DIRECTIONS FOR THIS TASK: In the copy you make, keep each entry exactly as it is and leave out all images.

EXERCISE MATERIAL:

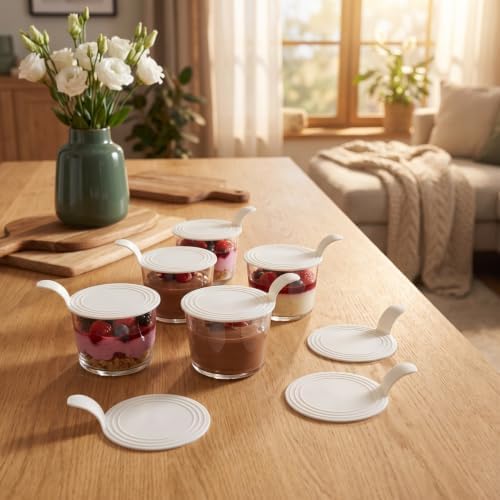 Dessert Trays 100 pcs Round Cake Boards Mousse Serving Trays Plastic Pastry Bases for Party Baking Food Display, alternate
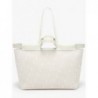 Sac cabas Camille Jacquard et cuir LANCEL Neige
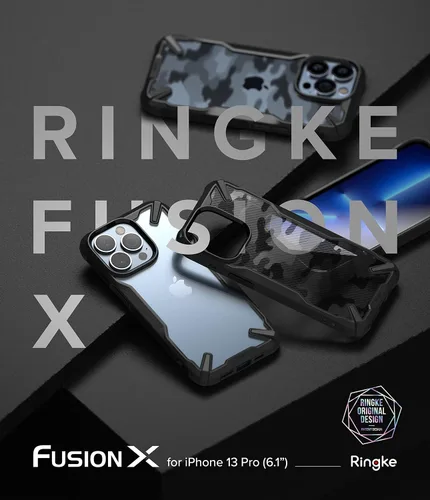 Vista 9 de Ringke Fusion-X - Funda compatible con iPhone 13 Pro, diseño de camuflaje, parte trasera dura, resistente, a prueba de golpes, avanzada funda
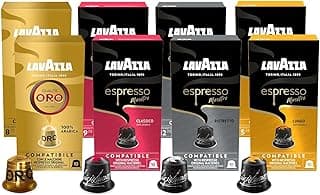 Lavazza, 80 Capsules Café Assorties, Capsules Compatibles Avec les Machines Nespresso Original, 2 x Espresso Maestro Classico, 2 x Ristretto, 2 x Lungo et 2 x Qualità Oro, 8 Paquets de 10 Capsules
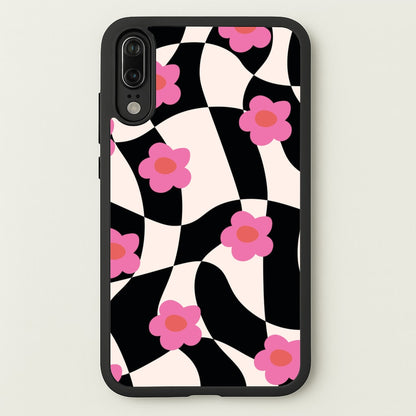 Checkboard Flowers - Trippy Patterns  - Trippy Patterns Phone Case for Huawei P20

RESULT:
 Dessert Trays 100 pcs Round Cake Boards Mousse Serving Trays Plastic Pastry Bases for Party Baking Food Display, alternate
 Sac cabas Camille Jacquard et cuir LANCEL Neige
 Vista 9 de Ringke Fusion-X - Funda compatible con iPhone 13 Pro, diseño de camuflaje, parte trasera dura, resistente, a prueba de golpes, avanzada funda
 Lavazza, 80 Capsules Café Assorties, Capsules Compatibles Avec les Machines Nespresso Original, 2 x Espresso Maestro Classico, 2 x Ristretto, 2 x Lungo et 2 x Qualità Oro, 8 Paquets de 10 Capsules
 Checkboard Flowers - Trippy Patterns  - Trippy Patterns Phone Case for Huawei P20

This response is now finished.